The answer to what a city is seems so clear to many of us until, much like the cities themselves, we begin taking a look at their edges. The difference between a town and a city isn’t clear and there is no universally agreed upon definition of where that line can be drawn. Sure, local governments often define cities, towns, villages and the like for legal purposes that are locally subjective.
What constitutes a city is also a question that comes up every year in The Best City To Visit Travel Tournament. So it seems an appropriate time to take a look at this question in depth and find out if you’re in a town or city and whether it matters at all.
You may think cities requires certain features to be called cities. Maybe an airport or big buildings – a large population perhaps? The problem with that is many major cities around the world don’t have airports within their government-defined limits. Washington D.C. has 3 servicing the local area but none actually within the District of Columbia. Technically speaking, Stockholm, Johannesburg, and Tokyo don’t either. Quito’s Mariscal Sucre International Airport is within the city limits but occasionally planes smack into the mountain it sits on, so it’s being replaced later this year to 20km further out in Tababela.
Fellow at the Institute for Quantitative Social Science at Harvard University, Samuel Arbesman (I highly recommend following him on Twitter) says our concept of city sizes are very localized. That is, we tend to compare cities to only others in the same country.

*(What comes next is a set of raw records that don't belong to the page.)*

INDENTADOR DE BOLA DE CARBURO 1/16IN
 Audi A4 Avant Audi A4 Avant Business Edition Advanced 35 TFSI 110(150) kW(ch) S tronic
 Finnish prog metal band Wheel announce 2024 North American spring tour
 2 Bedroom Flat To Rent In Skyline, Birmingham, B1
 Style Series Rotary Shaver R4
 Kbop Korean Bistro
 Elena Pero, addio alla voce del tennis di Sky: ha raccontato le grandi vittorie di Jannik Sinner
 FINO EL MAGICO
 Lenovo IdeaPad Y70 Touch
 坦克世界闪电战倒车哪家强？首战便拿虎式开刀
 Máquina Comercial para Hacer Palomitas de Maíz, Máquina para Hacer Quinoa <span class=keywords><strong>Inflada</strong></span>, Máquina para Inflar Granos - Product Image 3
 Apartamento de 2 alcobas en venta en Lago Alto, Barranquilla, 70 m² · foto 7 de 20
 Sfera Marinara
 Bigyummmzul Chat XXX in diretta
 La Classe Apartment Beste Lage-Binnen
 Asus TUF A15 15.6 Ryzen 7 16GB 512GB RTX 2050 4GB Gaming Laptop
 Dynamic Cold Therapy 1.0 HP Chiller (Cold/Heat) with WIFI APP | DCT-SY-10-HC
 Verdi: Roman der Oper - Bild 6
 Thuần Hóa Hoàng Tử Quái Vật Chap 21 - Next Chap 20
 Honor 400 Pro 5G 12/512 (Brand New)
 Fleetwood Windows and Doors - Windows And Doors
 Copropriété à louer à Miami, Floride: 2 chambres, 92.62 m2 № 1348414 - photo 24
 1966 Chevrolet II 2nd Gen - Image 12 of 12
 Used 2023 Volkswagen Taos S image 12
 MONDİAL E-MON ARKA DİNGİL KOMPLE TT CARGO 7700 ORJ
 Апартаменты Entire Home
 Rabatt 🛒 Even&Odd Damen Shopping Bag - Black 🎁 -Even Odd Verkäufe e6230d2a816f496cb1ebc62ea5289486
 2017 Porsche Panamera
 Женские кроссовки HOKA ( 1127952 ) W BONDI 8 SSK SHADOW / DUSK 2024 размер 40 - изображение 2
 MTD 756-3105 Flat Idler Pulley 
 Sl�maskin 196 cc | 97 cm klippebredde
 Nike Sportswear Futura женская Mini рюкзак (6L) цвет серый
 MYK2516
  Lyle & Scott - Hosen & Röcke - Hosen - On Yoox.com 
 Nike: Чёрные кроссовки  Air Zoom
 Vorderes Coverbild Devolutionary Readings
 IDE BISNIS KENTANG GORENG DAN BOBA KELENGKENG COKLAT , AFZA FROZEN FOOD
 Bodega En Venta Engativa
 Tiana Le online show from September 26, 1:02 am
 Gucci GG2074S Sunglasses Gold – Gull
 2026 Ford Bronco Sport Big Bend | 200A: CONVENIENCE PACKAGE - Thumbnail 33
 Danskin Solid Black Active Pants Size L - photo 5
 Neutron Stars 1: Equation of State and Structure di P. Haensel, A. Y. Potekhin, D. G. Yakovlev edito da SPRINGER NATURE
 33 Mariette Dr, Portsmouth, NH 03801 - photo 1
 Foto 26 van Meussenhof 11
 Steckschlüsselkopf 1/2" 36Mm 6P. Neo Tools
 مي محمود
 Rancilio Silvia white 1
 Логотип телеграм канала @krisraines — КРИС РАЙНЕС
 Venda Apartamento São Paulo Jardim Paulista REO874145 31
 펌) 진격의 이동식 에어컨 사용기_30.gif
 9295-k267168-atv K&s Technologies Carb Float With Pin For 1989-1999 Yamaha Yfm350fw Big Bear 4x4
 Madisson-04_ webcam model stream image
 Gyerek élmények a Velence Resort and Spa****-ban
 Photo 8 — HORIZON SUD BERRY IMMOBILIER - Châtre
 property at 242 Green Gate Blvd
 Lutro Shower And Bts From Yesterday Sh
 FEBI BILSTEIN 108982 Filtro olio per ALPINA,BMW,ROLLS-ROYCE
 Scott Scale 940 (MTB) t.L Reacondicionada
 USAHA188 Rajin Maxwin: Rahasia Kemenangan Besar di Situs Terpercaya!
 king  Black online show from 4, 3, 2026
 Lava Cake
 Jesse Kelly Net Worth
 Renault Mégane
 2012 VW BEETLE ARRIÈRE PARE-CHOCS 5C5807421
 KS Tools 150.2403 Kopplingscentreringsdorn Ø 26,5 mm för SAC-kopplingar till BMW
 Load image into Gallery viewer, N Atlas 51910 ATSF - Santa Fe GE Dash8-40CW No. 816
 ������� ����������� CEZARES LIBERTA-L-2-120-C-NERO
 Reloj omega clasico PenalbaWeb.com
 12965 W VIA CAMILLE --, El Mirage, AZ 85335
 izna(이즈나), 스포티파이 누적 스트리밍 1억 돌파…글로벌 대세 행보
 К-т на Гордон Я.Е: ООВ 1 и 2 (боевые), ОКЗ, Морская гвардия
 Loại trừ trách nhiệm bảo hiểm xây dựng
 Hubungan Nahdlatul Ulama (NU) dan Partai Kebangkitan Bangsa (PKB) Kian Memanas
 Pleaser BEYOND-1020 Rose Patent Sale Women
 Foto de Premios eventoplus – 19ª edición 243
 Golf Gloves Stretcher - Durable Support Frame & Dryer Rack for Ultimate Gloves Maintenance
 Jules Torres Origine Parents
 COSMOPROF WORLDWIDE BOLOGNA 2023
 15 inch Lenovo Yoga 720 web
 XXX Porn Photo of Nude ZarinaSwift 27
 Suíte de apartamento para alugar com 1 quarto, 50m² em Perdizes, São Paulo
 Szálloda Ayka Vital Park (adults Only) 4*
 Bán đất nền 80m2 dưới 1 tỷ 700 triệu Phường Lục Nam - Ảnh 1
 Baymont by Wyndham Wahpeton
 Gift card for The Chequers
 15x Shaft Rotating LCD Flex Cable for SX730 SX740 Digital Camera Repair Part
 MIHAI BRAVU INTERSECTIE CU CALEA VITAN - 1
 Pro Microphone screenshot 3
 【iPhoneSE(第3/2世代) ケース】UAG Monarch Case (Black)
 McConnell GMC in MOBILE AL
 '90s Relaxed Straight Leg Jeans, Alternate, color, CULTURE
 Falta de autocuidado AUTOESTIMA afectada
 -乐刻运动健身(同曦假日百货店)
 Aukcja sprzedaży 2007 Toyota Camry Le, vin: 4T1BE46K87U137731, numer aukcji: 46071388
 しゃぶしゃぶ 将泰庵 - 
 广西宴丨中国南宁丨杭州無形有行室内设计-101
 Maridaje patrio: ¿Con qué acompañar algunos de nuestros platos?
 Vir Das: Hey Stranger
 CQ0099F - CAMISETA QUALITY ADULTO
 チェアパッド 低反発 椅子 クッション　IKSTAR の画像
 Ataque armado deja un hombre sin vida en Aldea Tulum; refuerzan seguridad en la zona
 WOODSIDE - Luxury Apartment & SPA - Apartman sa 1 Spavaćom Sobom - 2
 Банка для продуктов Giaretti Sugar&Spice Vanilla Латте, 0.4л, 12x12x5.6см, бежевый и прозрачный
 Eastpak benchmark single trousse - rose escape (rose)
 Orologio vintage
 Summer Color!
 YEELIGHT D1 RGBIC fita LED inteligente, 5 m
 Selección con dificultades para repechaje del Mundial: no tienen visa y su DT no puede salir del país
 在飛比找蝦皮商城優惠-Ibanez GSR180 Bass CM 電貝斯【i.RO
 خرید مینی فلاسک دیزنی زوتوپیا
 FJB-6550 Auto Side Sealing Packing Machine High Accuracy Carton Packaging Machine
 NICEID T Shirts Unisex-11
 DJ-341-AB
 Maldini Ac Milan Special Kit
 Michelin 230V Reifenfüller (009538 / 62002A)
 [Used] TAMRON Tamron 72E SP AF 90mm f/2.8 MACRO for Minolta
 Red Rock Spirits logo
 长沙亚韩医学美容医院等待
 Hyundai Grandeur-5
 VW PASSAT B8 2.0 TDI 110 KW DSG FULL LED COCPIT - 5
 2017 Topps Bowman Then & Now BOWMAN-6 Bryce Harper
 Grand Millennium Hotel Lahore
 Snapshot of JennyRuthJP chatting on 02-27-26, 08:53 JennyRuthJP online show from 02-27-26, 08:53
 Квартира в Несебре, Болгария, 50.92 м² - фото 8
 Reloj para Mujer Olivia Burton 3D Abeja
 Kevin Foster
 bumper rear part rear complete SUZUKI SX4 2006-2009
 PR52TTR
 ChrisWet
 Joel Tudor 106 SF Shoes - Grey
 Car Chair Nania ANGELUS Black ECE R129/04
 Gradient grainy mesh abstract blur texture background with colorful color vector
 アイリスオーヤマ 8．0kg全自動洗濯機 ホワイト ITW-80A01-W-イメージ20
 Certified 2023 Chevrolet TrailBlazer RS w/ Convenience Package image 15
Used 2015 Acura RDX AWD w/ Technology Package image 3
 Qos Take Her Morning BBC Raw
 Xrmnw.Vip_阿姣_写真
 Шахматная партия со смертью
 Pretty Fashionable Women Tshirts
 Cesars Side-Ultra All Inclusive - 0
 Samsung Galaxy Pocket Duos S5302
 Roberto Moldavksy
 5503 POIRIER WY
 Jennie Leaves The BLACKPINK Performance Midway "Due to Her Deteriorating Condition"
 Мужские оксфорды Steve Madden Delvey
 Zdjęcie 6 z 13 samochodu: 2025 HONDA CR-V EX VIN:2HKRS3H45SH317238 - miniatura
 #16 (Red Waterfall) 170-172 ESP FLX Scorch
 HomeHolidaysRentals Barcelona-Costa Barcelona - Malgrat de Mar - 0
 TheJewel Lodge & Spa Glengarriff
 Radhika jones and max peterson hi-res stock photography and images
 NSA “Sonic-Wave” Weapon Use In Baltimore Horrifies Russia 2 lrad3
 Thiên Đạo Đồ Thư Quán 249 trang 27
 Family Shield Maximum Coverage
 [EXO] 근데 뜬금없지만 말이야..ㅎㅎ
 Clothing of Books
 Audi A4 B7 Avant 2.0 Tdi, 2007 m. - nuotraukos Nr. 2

“Kansas City would be the second-largest city in France. Similarly, many European cities that we think of being incredibly important and central to global affairs are not as large as they feature in our minds. Dublin, Amsterdam, and Brussels are all smaller than Cleveland, for example… Did you know, for instance, that the unoccupied section of Detroit is actually the size of the entire city of San Francisco.” [The Atlantic Cities]
Population, too, doesn’t seem to mean much when you consider that Brecksville, Ohio with its 13,000 residents, is officially a city according to the state government.
Where Does The Word City Come From And Why Governments Bother Defining It
The word “city” in English comes from the French word, cite, dating back to the 13th century. It basically meant a large town and didn’t bother distinguishing what large was – other than there might be a cathedral in nearby. For urban anthropologists, who focus their studies on city environments, their definition roughly is: a relatively large, permanent, human settlement with economic and social ties that form a community which has dependent, smaller communities surrounding it. (Sometimes those smaller communities are simply absorbed like Georgetown was into Washington D.C. in 1895.)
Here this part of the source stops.